Bitcoin’s price hit an all-time record high Monday as positive market factors converged. Meanwhile, ether options traders are paying heavy premiums on the asset’s potential to hit new records as well.
Bitcoin’s price hit an all-time high in the past 24 hours, trading as much as $19,850, according to CoinDesk 20 data. The price then dipped and was at $19,436 as of press time.
“Institutional inflows may have been much of the driving force behind this rally, but it’s been retail investors that have helped bitcoin pick up steam in recent weeks,” said Zac Prince, chief executive officer of crypto lender BlockFi. ”Balances on our retail accounts have grown over 25% in the last 30 days, compared to just under 10% for institutional,” he added.
Major spot exchanges, where retail customers casually buy the world’s oldest cryptocurrency, have seen an uptick. Combined daily volume for Coinbase, Bitstamp, Kraken, Gemini and ItBit was at $1.5 billion as of press time Monday, much higher the $488 million average of the past six months.
The steady rise of bitcoin’s price since Saturday followed a drop during a market holiday in the U.S. last week that bitcoin as low as $16,242 on Thursday. The $3,608 price gain over the past week shows just how volatile cryptocurrency can often be.
“Bitcoin investors sitting on the sidelines of this recent rally got a Thanksgiving holiday gift as bitcoin saw a drop from $19,500 to $16,300,” noted Jason Lau, COO of San Francisco-based OKCoin. “Derivative liquidations led the move down as some derivatives exchanges lost over 20% of open interest,” he added.

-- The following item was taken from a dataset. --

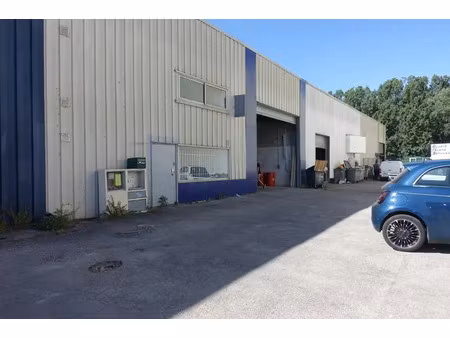 mandelieu parc de la siagne location local d'activité 617m² environ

Indeed, liquidations on derivatives exchange BitMEX, while not as significant of a venue as it once was, clearly had some impact on Thursday’s drop ($10 million in sell liquidations in an hour) and Monday’s rise ($4 million in by liquidations within an hour). A liquidation on BitMEX is akin to a margin call whereby a long is sold or a short triggers a buy to close out a position if it moves enough to wipe out the margin.
Bitcoin’s recent rise was not solely due to retail investors. Rich Rosenblum, who heads trading at crypto firm GSR, noted how much more infrastructure is in place for institutions to invest compared to bitcoin’s last bull run in 2017.

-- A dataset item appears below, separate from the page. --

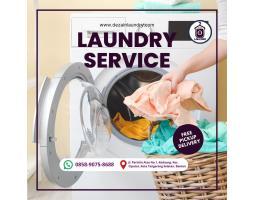 Dezain Laundry Kiloan Express Terbaik Sawah Lama Kedaung - Tangerang Selatan Banten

“The trading, settlement and custody services are all far more sophisticated and mature, which instills confidence,” he said. “The [Federal Reserve] continues to fan the flames with its monetary strategy, which looks to remain in place in the year to come. With so much excess liquidity in the system, the original investment case for bitcoin is being vindicated.”
Ether traders paying for bullish bets
The second-largest cryptocurrency by market capitalization, ether (ETH), was up Monday trading around $605 and climbing 8.5% in 24 hours as of 21:00 UTC (4:00 p.m. ET).

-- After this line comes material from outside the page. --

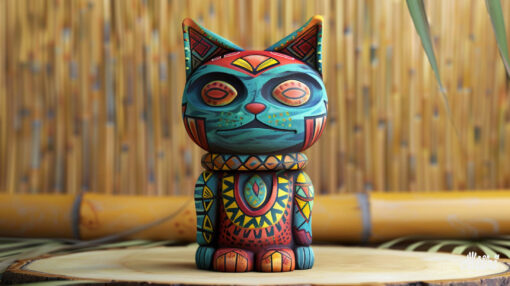 Catiki Cat - #000004 - Limited Edition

The ether options put/call ratio on Deribit, the largest derivatives exchange in the crypto ecosystem, has been skewing heavily towards calls over the past month. The put/call ratio shows the number of puts, which are options bets to price downside, versus calls, which are options bets to price upside.
“During the past month, when looking at the put/call ratio in terms of premium traded, we can see an abnormally high ratio of calls trading to puts,” noted Greg Magadini, chief executive officer of Genesis Volatility.
The bullish activity is so strong traders are doling out high premiums to make bullish bets on ether, noted Magadini. “Traders were quick to start paying higher prices for calls,” he told CoinDesk. “So much so that … puts are 25 implied volatility points cheaper. This level of differential is rare and quite extreme.”
The all-time high of ether is $1,432, according to CoinDesk 20 data.
Other markets
Digital assets on the CoinDesk 20 are all green Monday. Notable winners as of 21:00 UTC (4:00 p.m. ET):
- Oil was down 0.80%. Price per barrel of West Texas Intermediate crude: $45.20.
- Gold was in the red 0.62% and at $1,776 as of press time.
- The 10-year U.S. Treasury bond yield climbed Monday, jumping to 0.846 and in the green 0.77%.